Here are a few tips to prevent becoming the victim of an SMS scam:
- Be wary about any text message you receive from a number you don’t recognize.
- If there is a tone of urgency, always call the company or government agency directly to verify.
- Double check every claim made in the text message by independently visiting the website without clicking on the attached link.
- Always avoid clicking any links – browse the website manually.
- Avoid text messages with spelling and grammar errors – many phone/SMS scammers originate from outside Australia, where English might not be their first language.
- Head to https://www.donotcall.gov.au and add your phone number to the ‘Do Not Call’ register.
- Download anti-virus software to protect your device from any malware.
- Finally, report all scams to your telco and the ACCC’s Scamwatch.
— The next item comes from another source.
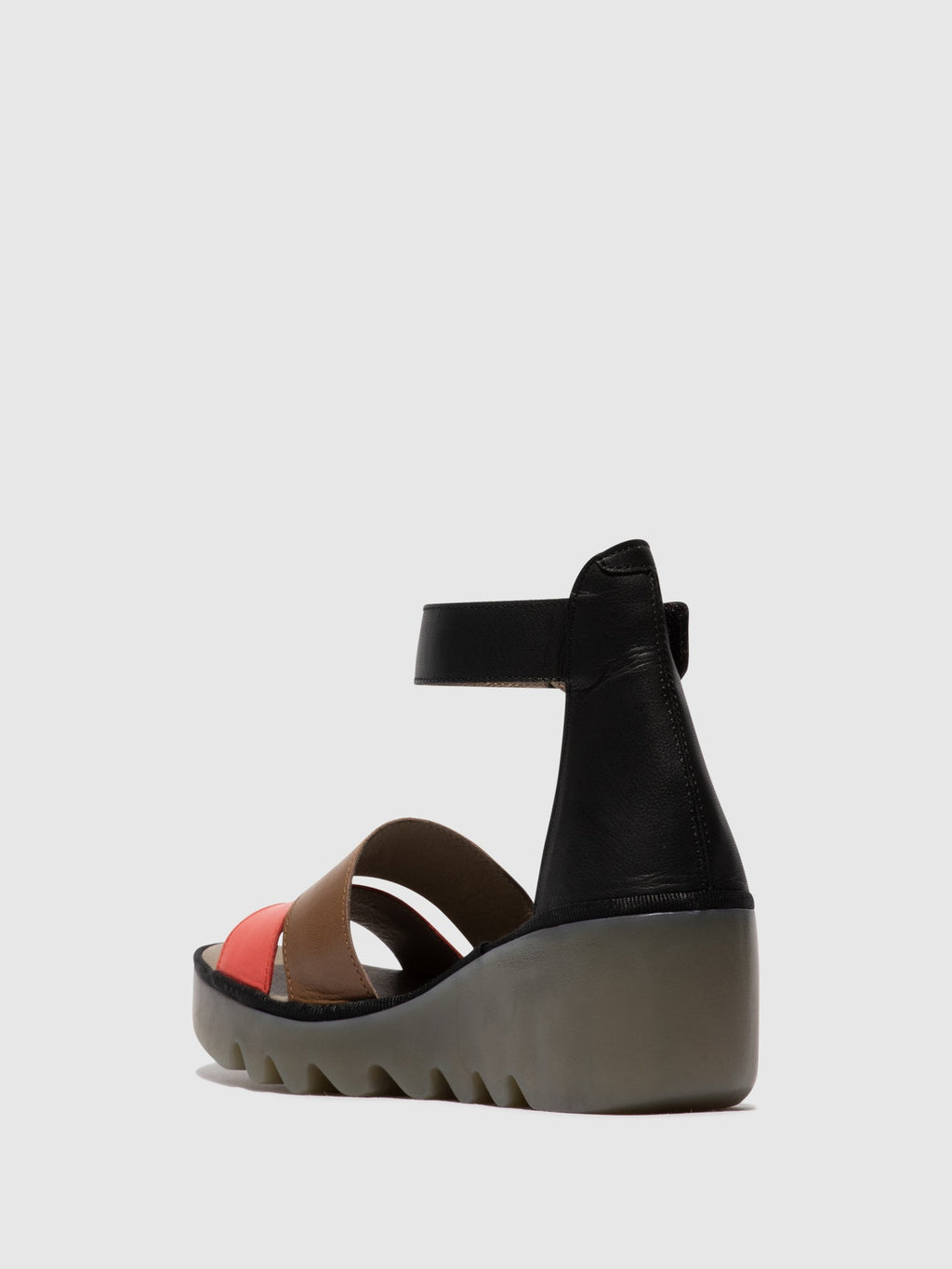 Strappy Sandals BONO290FLY RASPBERRY/GROUND/BLACK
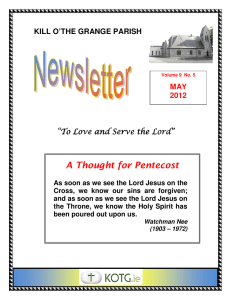 KOTG Parish Newsletter May 2012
Every Australian knows how annoying these scam calls and texts are. Just a couple of years ago, you might have gotten one scam call per month. However, the problem has grown to the extent that it sometimes feels like the only time a call comes it’s from a scammer. Not only does it disturb your day and impact your productivity, but for some (especially older Australians), scam calls and texts can be a portal to a confusing world in which they are separated from their money.
It’s excellent news that the ACMA has stepped in and implemented a scheme that will at least reduce the impact of this problem. It’s a real shame they had to. No one has better information about what is happening on their network than the phone companies. Without having seen their internal reporting, it’s hard to condemn them. But it’s also hard not to fault telcos for failing to act quickly and only doing so after a mandate from the ACMA.